Ralph Chapman, Director of Environmental Studies, VUW, comments:

“I doubt if NZ will be making use of CCS unless and until it becomes very well established, and costs fall sharply. It seems likely that CCS’s costs per tonne of CO2 avoided would be way higher than abatement via other means such as renewables (displacing fossil generation), reducing transport emissions, nitrous oxide emission reduction etc.”

Dr Bob Lloyd, Director of Energy Studies Programme, University of Otago:

“The article on Carbon Capture and Storage is sub-titled How Green can Black be? The answer is: not very. The idea of clean coal is an oxymoron. The paper suggests that CCS has been on the planning boards for some time now but “there is a lamentable lack of financial commitment”. The reason for this lack of commitment is that CCS will increase the cost of electricity generated from coal fired power stations from between 50% and 100%.

“And that increase would be uncompetitive without very large CO2 taxes. The problem is not actually financial, it is an energy problem; CCS is very energy intensive. It is likely that you would need to build close to an extra power station of roughly the same size to store the CO2 from an existing station. This progression is clearly not going to work. The article in Science also claims that if it did ever get working that it has the potential to reduce carbon emissions by 20%. But this percentage is not nearly enough.

“The latest figures suggest we should be reducing the CO2 in the atmosphere to 350 ppm. However, the existing level is around 387 ppm which means we have to virtually remove 100% of all further energy emissions of CO2 very soon. The US climate scientist Jim Hanson has calculated that we will have to eliminate all (100%) of coal fired power stations by 2030 if we are to have a fighting chance of stopping runaway climate change. Even then CO2 levels don’t get back to 350 ppm until the end of this century!   Unfortunately the world is holding out for a technical fix that is unlikely to eventuate in time; trying to catch onto anything that will prevent a reduction in energy consumption and a slow up in economic growth.”
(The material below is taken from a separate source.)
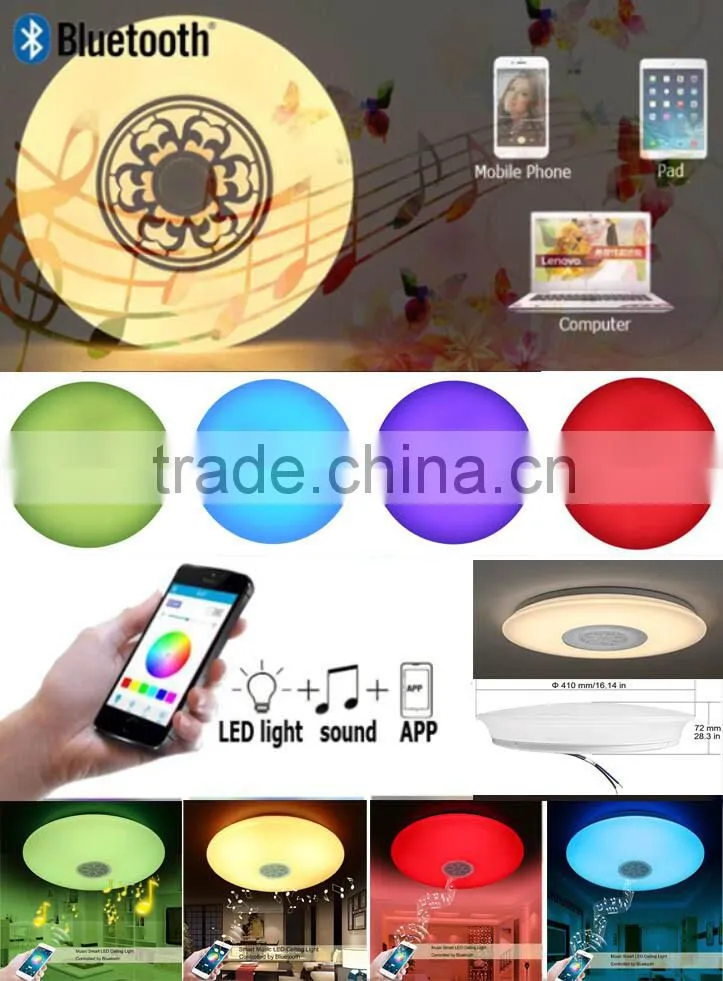 App Control Wireless Bluetooth 4.0 Smart LED Speaker Ceiling Light Wifi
Dr Peter Read, Honorary Research Fellow, Centre for Energy Research, MasseyUniversity:

“CCS is a critical technology in mitigating climate change, given that the most effective approach – economic collapse – is unlikely to be implemented intentionally.  It can cut about 80 per cent of the emissions that are inevitable from the existing and (in China particularly) growing stock of coal fired power plant.

“Co-firing with 20 per cent biomass fuel results in a zero emissions system.  [This article] shows that meeting global warming limitation targets involves a steep learning curve, starting from the 36 demonstration projects in being or planned worldwide, through tens of commercial power plants in operation well before 2020 and hundreds of large plants by 2025.

“Simply pricing carbon in the market is not enough” he states — lessons from past power plant clean-up programmes (e.g. FGD or flue gas desulphurization) show that voluntary codes do not work either. Co-operation involving world-wide information sharing needs to be enforced, with clearly signposted regulation.”

Professor Gerry Carrington, University of Otago:

“Haszeldine reviews underground CO2 sequestration technology as an advocate for the technology. He clarifies the risks surrounding the technology and highlights the uncertainty about its costs and
effectiveness. However, he does not discuss the ethical problems we will face if we ever attempt large scale application, when there will be vast opportunities for commercial gain from bad behaviour. In my view underground CO2 sequestration is only one of many possibilities for
managing the growing risk of climate change. I do not think it is so special that it should receive preference for public support.”